If you’re thinking an expletive was deleted in the headline, you would be correct, for the real title of Bill Maher’s most recent nonsensical rant at the Huffington Post actually used a word with a similar meaning as “screwed,” but beginning with an “F”.
Nice headline, dontcha think?
Yet, that was only the beginning of the vulgarity from a literary sense, for Maher went on a predictably vitriol-filled screed stating that the only reason Sen. John McCain – or any Republican presidential candidate for that matter – supports the Iraq war is to appeal to Kool-Aid-drinking conservatives.
I kid you not (emphasis added throughout):
John McCain's not an idiot. I'm sure he knows that it's not safe in Baghdad, but he has to pretend that it's safe in Baghdad because that's what the GOP base wants to hear.
Hmmm. You mean, Bill, that it’s impossible McCain actually witnessed a decrease in violence in the streets in Baghdad during his most recent visit as compared to the previous one?

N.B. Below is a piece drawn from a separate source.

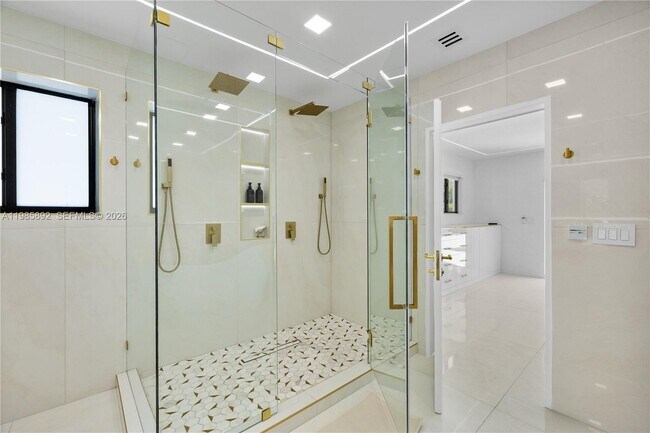 Building Photo - 1117 Adams St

Furthermore, even though his position on this war has hurt him drastically in the polls, he must be hiding his real feelings about the incursion all because you disagree with it?
Or, does it just seem so unlikely to you that any politician could actually hold core beliefs that they are willing to stick to regardless of how unpopular said views are at the moment?
Regardless of the answers, Maher sadly continued:
[M]ost Republicans are still gung-ho about the war. In fact, two-thirds of likely GOP primary voters support what Bush is doing in Iraq. They support the surge. They've swallowed so much Kool-Aid that any change in their diet would kill them.
What this means is, every GOP candidate has to say the war is going great, whether they believe it or not, at least until the primaries are over. Giuliani's very rah-rah about the war, Romney doesn't like to talk about it, but then he has his own religious jihad to worry about. But none of them will be able to say anything other than "the surge is working," or "if we leave now things will get really bad" because the base won't stand for it.
Irrespective of the politics, Bill, isn’t it actually possible that since McCain has been a supporter of this incursion since day one, he’s not willing to concede defeat regardless of what the polls are currently saying about America’s support? And, maybe more obvious, as McCain and Giuliani are both Republicans, if 2/3 of such indeed are still supporting the war, wouldn’t it actually be less likely that they didn’t?
Or does that just make too much sense for you to consider?
Once again, regardless of the answers, we see an interesting tactic that is becoming all too common in the media today: Republican elected officials and candidates who disagree with liberal beliefs are either stupid or they're lying to appeal to their obviously stupid supporters.